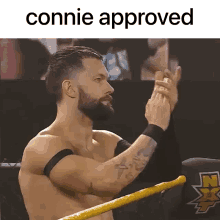 Connie Approved For Connie GIF - Connie Approved For Connie GIFs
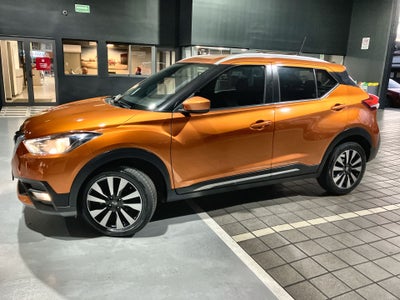 2020 Nissan KICKS ADVANCE 1.6 LTS CVT A/C
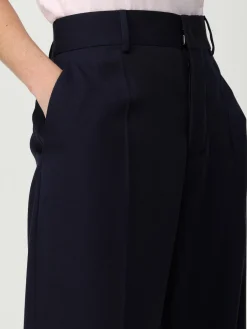 Pantalone classico Dsquared2 in lana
- - - - - - -
- **Required action**: Every line above must appear in the answer unchanged, and no picture may appear in it.

- **Written solution**:
 Connie Approved For Connie GIF - Connie Approved For Connie GIFs
 2020 Nissan KICKS ADVANCE 1.6 LTS CVT A/C
 Pantalone classico Dsquared2 in lana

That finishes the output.